*What this task involves*.
Copy every entry verbatim and skip the pictures.

%%

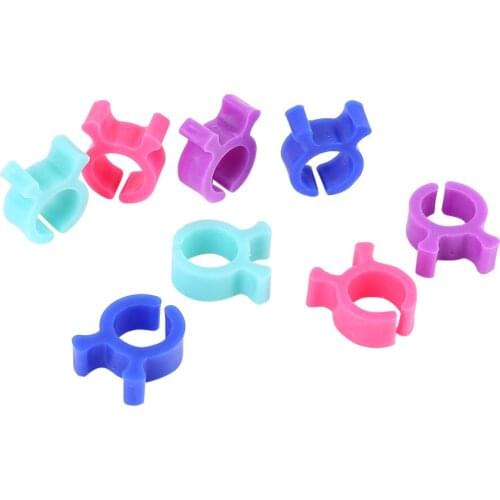 Sewing Thread Bobbin Holder Clamp Clips Bobbin Buddies Great For Embroidery Pacifier Clips Solid Plastic Pacifier Clips Soother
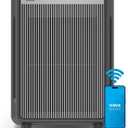 Winix 9800 4-Stage True Hepa Air Purifier with WiFi and PlasmaWave, 500 Sq Ft,Black,Large, 11.8"D x 16.5"W x 23.2"H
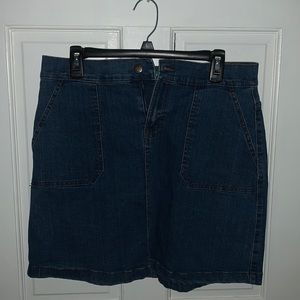 Denim Jean Skirt. size 10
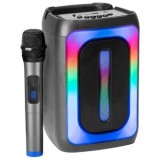 Boxa Portabila Ibiza Sound Sigma20, 25W, Bluetooth, FM, USB, MicroSD, TWS, Microfon Wireless, Joc Lumini, Acumulator 1800mAh, Woofer 10cm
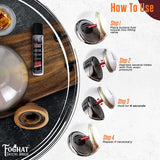 Foghat Cocktail Smoker Torch with Butane (2) for Smoked Cocktails and Cooking - Handheld Refillable Culinary Butane Kitchen Blow Torch Lighter Gun, THOUSAND OAKS BARREL
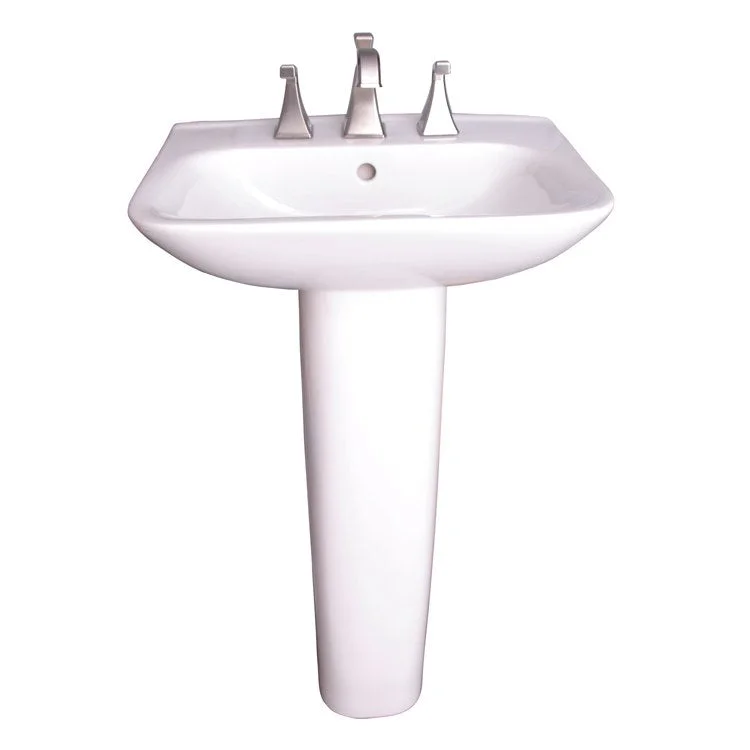 Pedestal Lavatory Eden 520 Widespread White Rectangular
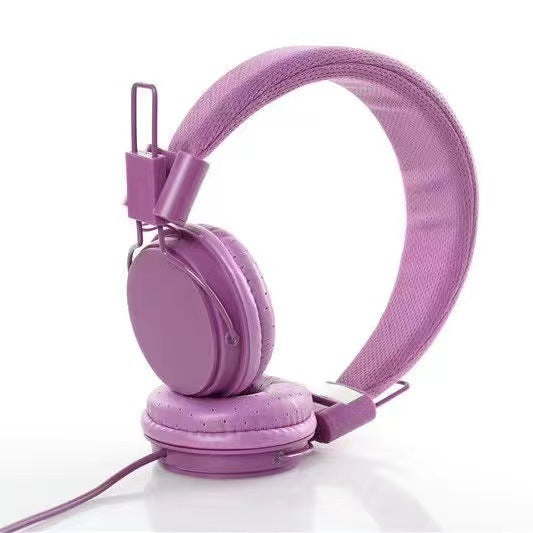 Foldable Wired Headphones with Microphone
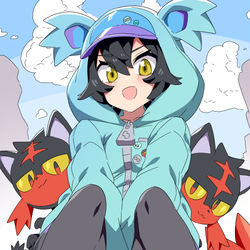 This is a pixiv picture whose title is ニャビ子.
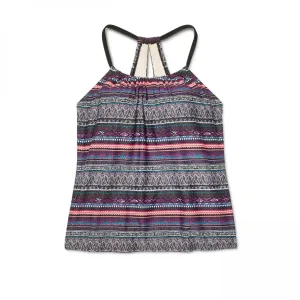 Kona Sol Women's Patterned Racerback Tankini Top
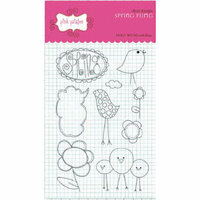 Pink Paislee - Spring Fling Collection - Clear Stamps - Spring Fling, CLEARANCE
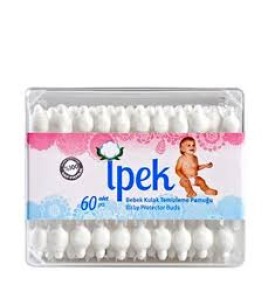 İpek Kulak Pamuğu Çocuk 60 Lı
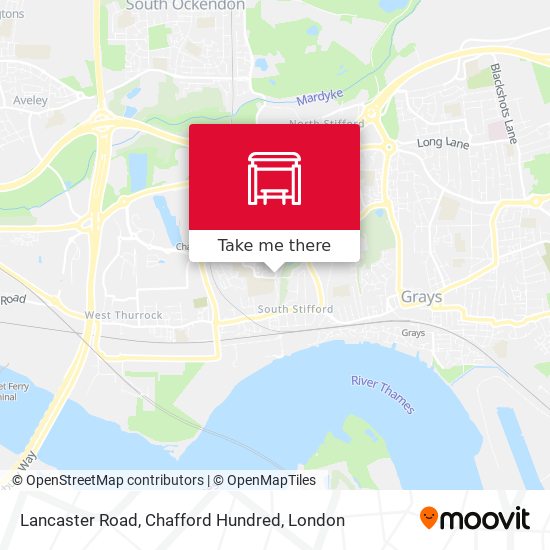 Lancaster Road, Chafford Hundred map
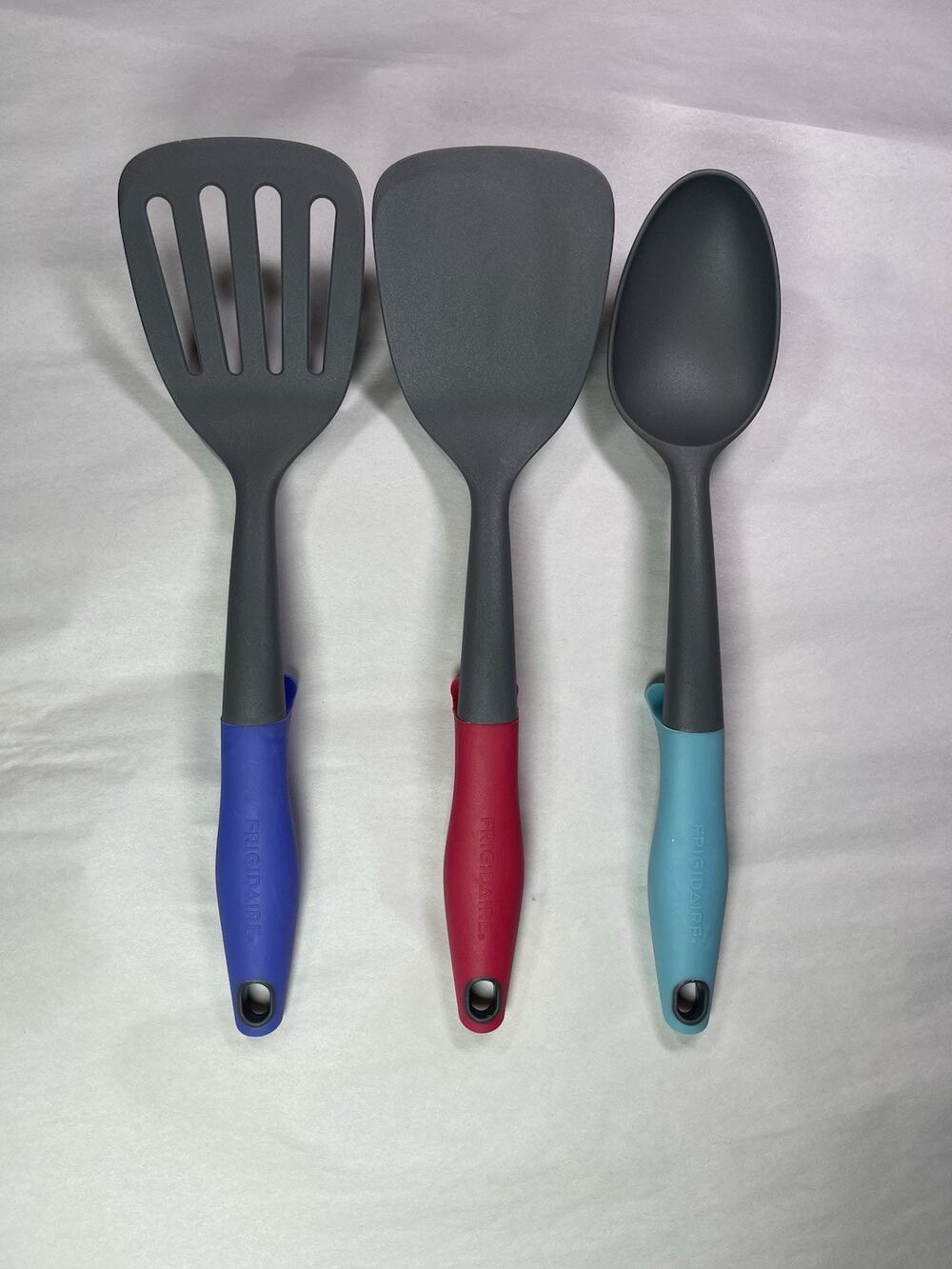 Frigidaire 3pc Silicone Kitchen Utensil Set Spoon Spatula Turner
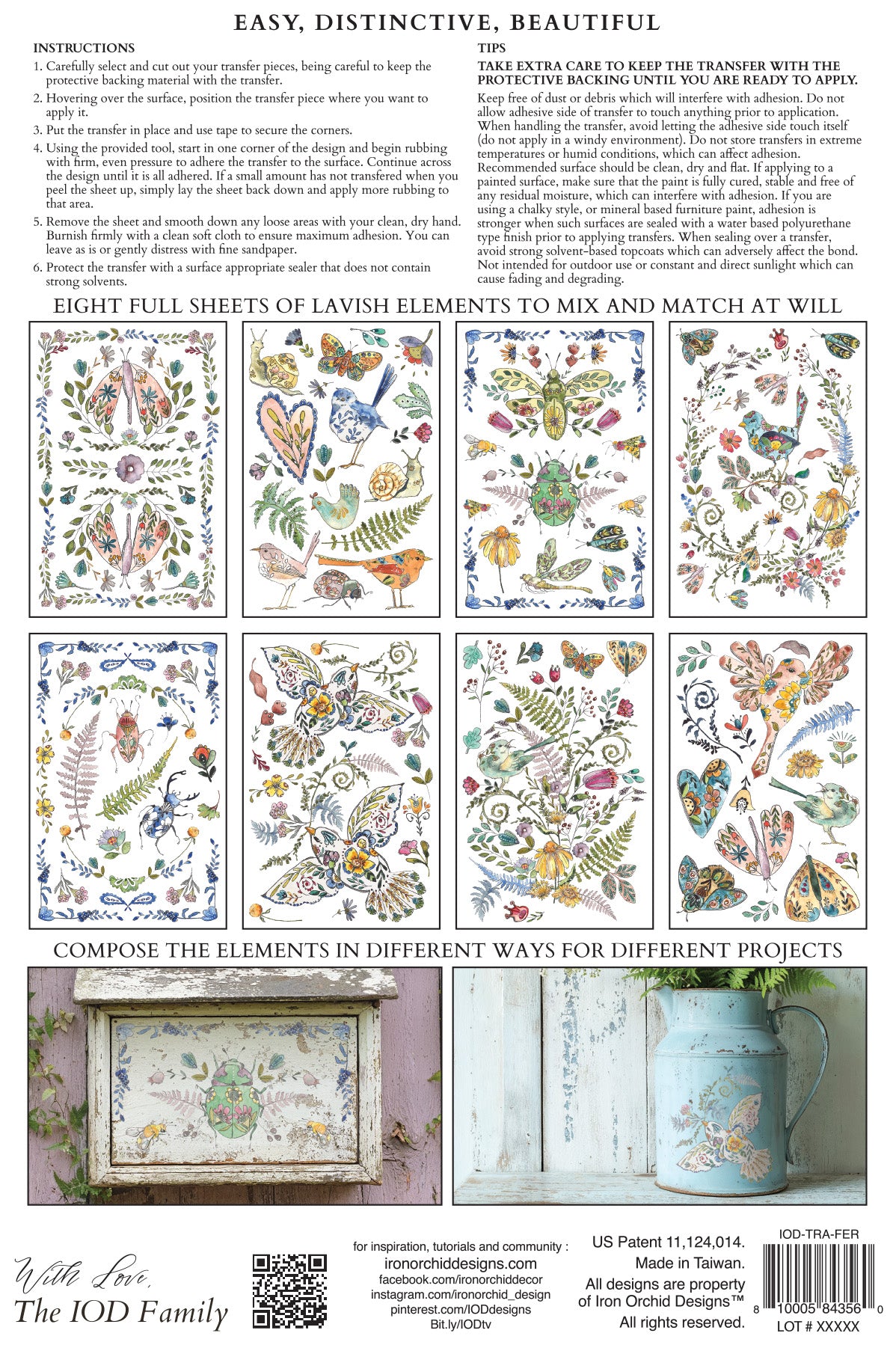Fern Fables Transfer by IOD - Iron Orchid Designs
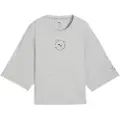 Puma x HYROX Cropped Lifestyle Tee Women, Clothing, Light Gray Heather, S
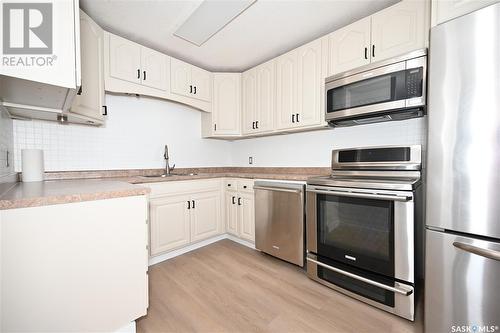 #108 517 Albert Street, Estevan, SK - Indoor Photo Showing Kitchen With Stainless Steel Kitchen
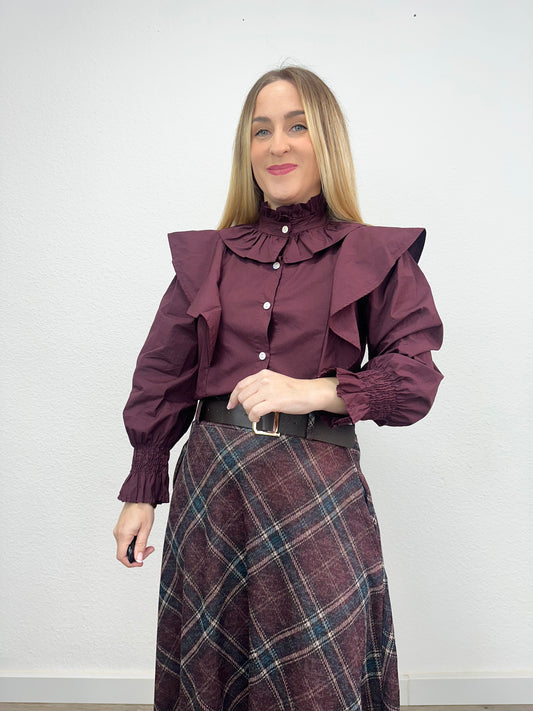 BLUSA REMEDIOS TINTO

%%

*Response to the task*.
 Sewing Thread Bobbin Holder Clamp Clips Bobbin Buddies Great For Embroidery Pacifier Clips Solid Plastic Pacifier Clips Soother
 Winix 9800 4-Stage True Hepa Air Purifier with WiFi and PlasmaWave, 500 Sq Ft,Black,Large, 11.8"D x 16.5"W x 23.2"H
 Denim Jean Skirt. size 10
 Boxa Portabila Ibiza Sound Sigma20, 25W, Bluetooth, FM, USB, MicroSD, TWS, Microfon Wireless, Joc Lumini, Acumulator 1800mAh, Woofer 10cm
 Foghat Cocktail Smoker Torch with Butane (2) for Smoked Cocktails and Cooking - Handheld Refillable Culinary Butane Kitchen Blow Torch Lighter Gun, THOUSAND OAKS BARREL
 Pedestal Lavatory Eden 520 Widespread White Rectangular
 Foldable Wired Headphones with Microphone
 This is a pixiv picture whose title is ニャビ子.
 Kona Sol Women's Patterned Racerback Tankini Top
 Pink Paislee - Spring Fling Collection - Clear Stamps - Spring Fling, CLEARANCE
 İpek Kulak Pamuğu Çocuk 60 Lı
 Lancaster Road, Chafford Hundred map
 Frigidaire 3pc Silicone Kitchen Utensil Set Spoon Spatula Turner
Fern Fables Transfer by IOD - Iron Orchid Designs
 Puma x HYROX Cropped Lifestyle Tee Women, Clothing, Light Gray Heather, S
 #108 517 Albert Street, Estevan, SK - Indoor Photo Showing Kitchen With Stainless Steel Kitchen
 BLUSA REMEDIOS TINTO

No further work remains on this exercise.